How to Buy a Christmas Tree

What makes a great Christmas tree?  How to buy a tree that won’t leave you with sagging branches and a floor full of pine needles Christmas morning.

charlie-brown-christmas-tree For me, the most exciting day of the holiday season isn’t Christmas or Christmas Eve, but the day I bring home the Christmas tree. That’s my official start of the holiday, and not the day after Halloween, as retailers would have us believe.

For most of my life I’ve had a fresh cut tree at Christmas . But early in life there was that one year when my mother, sick of the holiday whirlwind every year, decided to permanently check one thing off her yearly list, and brought home an artificial tree from a department store. Plastic! A plastic tree! At least it was green and not decked out like a spaceship. You couldn’t imagine my disappointment – the scent of fresh pine replaced by the scent of freshly molded poly vinyl chloride.

Basically, that “tree” was astro turf wrapped around heavy duty pipe cleaners which hung from holes in a brown pole. On the upside, one could bend the branches into any position they liked, and it didn’t take me long to fashion one or two into question marks when I could get away with it. Oh, how I longed for the smell of pine, for sap on my hands, for frequent watering, for cleaning up dead needles well into February. Really, I did.

I don’t want to condemn anyone for buying an artificial Christmas tree – they’re useful for those with allergies to the real thing, or for those who don’t have the physical capacity to seek out, heave, and decorate a live tree every year. But for the rest of us, those who thrive on the scent of fresh pine, the annual trek to the Christmas tree farm to cut our own is a beloved holiday tradition. Nothing beats the real thing.

Besides tradition, there are good reasons to buy from a tree farm: You’re supporting local business and local farming, and your tree will stay fresh much longer than a tree which may have been cut a week or two earlier and trucked many miles to your community. And it’s in the transport that many trees get damaged. A discerning eye is a necessity for anyone buying a fresh cut tree on a parking lot or sidewalk.

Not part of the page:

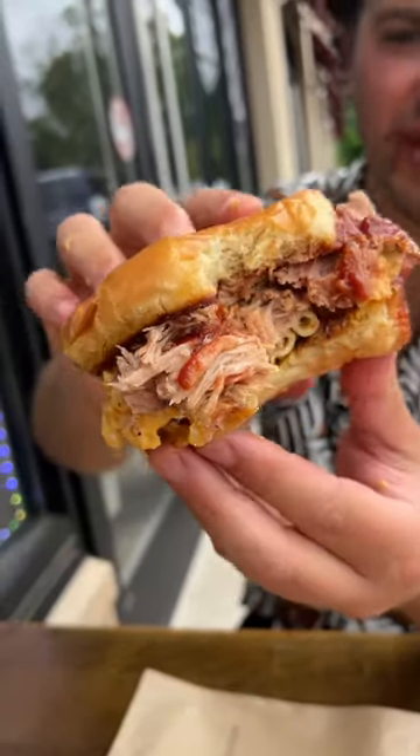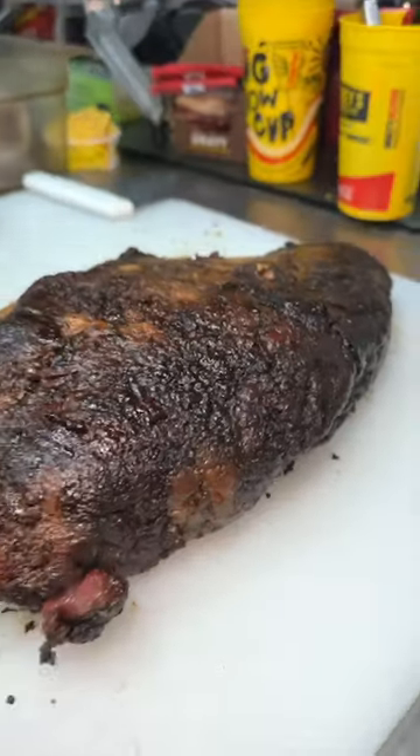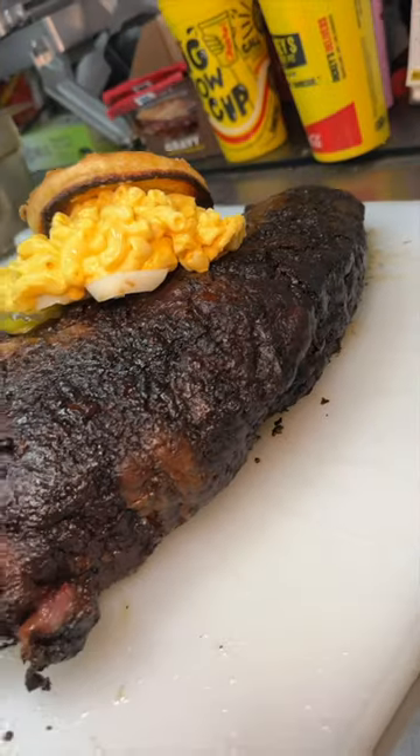The pork is really tender. And for the finale, we wanted to keep it healthy with just a little bit of brisket and some fresh veggies on a toasted brioche bun. Perfect.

Read Should you buy a Real Christmas tree or an artificial Christmas tree?

christmas tree farm

Pointers for buying a cut Christmas tree:

  • For new homeowners: Know what size space your tree will occupy in your new home, especially if you have low ceilings. Stand where you plan on putting the tree, and note how much space is above your head. Also make a note of the maximum width your tree can occupy (use a tape measure). When you’re buying a tree, they can look one heck of a lot smaller than they do when you get home – I can’t tell you how many times in my early years, living in small apartments, that my enthusiasm got the best of me and I brought home a tree which practically had to be sawn in half.
  • Take into account that when your tree is in its stand, it will be a few inches taller, and if you top your tree with ornaments like an angel or a star, even taller still.
  • Measure the width of your tree stand before buying your tree. If the base of the tree won’t fit in your stand, you’ll have to saw sections off until it does
  • On the lot, pick up the tree and shake it. Look beneath the tree – how many needles are on the ground? If the tree is already shedding, it’s drying, and once it’s moved inside your heated home, that drying will commence at a furious rate.
  • Get your nose in there and take a good whiff of the tree. A tree that’s been cut recently will still smell fresh.
  • Take a spin around the tree and make sure there are no gaping holes in it or that one side hasn’t been flattened or damaged during transport. Small imperfections can be hidden with ornaments and lights, but big holes are a challenge.
  • If the tree isn’t going right into the stand when you get home, store it in a cool, shaded place outdoors. When the stump is first cut, a seal of dried sap forms over the open tissue in an attempt to heal the wound. This seal restricts the ability of the cut tree to pull water through its tissues. When it’s time for the tree to go inside, make a straight cut across its base about 1/2″ from the bottom to expose fresh wood, so the tree can absorb water when it’s in the stand. It will stay fresh much longer.
  • A Christmas tree will use a gallon of water or more in the first 24 hours and at least one quart a day after that, so check your stand daily. Water keeps the needles on the branches, the boughs rigid and the tree fragrant.
  • Keep your Christmas tree a safe distance from all heat sources: baseboards, heat vents, radiators, portable heaters, fireplaces, and your TV set. Heat sources are obviously a source of potential fire, but they also make the tree dry out quickly.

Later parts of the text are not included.